Align a short read against an indexed reference genome and process alignment positions against a mask
EXPERIMENTAL ALPHA VERSION
Currently requires Java 8 to build the project and Docker image. Pre-build images are available, built on Apline and Java 8.
This project depends on BWA (https://github.com/lh3/bwa, to generate the index files) and JBWA (https://github.com/lindenb/jbwa, to provide Java JNI mappings for BWA). This repository comes with pre-compiled binaries for Linux.

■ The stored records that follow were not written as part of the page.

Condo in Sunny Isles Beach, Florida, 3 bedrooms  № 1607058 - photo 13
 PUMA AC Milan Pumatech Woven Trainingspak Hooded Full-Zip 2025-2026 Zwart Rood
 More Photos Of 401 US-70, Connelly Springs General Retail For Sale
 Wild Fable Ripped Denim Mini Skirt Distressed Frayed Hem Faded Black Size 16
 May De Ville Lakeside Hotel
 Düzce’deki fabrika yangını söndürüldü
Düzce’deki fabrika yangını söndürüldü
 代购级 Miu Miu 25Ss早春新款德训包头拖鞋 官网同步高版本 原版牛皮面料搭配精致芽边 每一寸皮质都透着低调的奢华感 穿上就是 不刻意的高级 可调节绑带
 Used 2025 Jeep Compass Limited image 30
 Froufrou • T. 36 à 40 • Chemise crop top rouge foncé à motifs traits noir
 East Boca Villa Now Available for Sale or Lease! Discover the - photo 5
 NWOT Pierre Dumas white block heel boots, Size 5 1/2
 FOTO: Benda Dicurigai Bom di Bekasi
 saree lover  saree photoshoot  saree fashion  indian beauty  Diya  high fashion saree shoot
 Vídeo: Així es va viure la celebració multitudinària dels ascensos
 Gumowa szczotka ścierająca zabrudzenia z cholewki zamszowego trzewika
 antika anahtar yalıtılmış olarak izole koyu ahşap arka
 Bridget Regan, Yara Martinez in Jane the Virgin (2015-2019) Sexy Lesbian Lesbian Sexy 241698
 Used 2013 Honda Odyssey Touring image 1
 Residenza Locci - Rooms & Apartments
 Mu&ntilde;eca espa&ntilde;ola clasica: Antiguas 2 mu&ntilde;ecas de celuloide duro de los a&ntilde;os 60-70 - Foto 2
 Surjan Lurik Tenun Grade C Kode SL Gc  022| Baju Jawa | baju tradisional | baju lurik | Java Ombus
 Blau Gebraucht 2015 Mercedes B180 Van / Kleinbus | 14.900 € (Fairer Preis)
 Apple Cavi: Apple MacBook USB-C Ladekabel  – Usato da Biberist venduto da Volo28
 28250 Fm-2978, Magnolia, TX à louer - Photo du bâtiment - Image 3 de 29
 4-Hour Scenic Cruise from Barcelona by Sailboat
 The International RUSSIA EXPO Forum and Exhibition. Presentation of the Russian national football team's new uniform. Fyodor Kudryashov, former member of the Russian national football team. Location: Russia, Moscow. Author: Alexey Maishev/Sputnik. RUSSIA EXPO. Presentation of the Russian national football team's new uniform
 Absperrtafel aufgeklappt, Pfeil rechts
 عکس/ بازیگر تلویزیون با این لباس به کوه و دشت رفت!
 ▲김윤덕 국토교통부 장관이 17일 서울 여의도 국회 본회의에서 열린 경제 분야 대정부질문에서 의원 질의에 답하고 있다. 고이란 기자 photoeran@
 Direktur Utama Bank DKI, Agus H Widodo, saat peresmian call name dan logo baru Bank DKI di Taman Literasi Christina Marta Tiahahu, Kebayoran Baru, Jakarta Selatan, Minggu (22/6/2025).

cd ShortReadMaskedMatchServer
The JBWA project provides a library named jbwa.jar
. This file is provided pre-compiled in the /lib directory (the Maven version does not work for me)
mvn deploy:deploy-file -Durl=file:///$HOME/.m2/repository -Dfile=lib/jbwa.jar -DgroupId=com.github.lindenb -DartifactId=jbwa -Dpackaging=jar -Dversion=1.0.1
The JBWA project provides a file named libbwajni.so
which is required to run the server. This file must be in the in the java.library.path
, or it must be specified via -Djava.library.path={path}
upon starting the server (see example below).
I like to copy that file into a new directory /usr/lib/jni
then the -Djava.library.path
parameter is not necessary.
The server is then compiled using mvn package
and be placed in the target/
directory. A precompiled executable jar file is already in that directory, which should work on all target platforms.
The maven command automatically generates a Docker image. This requires Docker to be installed; the Docker user should be added (sudo usermod -aG docker {username}
, then restart), otherwise compile with sudo mvn package
.
The docker image is named uk.ac.ebi/bwaserver
.
The compiled server can be started:
java -Djava.library.path={path to libbwajni.so} -jar bwaserver-1.0-SNAPSHOT.jar -l {path to index}
This will start the server on port 9221 and create a mask file in the current directory.
The Docker image generated needs to map external directories for the mask file as well as the index files. It also needs to expose a port to enable access to the server.
The option for mapping diectories is: -v /host/directory:/container/directory
The option for mapping ports is -p external_port:container_port
One example start commant line would be:
docker run -v /home/asenf/Documents/ecoli/:/usr/index/ -v /home/asenf/Documents/mask/:/usr/mask/ -p 9221:9221 uk.ac.ebi/bwaserver -v -m /usr/mask/mask -l /usr/index/29.AP009048.sequence.fasta
In this example, the external index and mask directories are simply mapped to /usr/mask
and /usr/index
.
The options specified after the image name are then passed to the startup of the server insie of the Docker container, using paths relative to the container.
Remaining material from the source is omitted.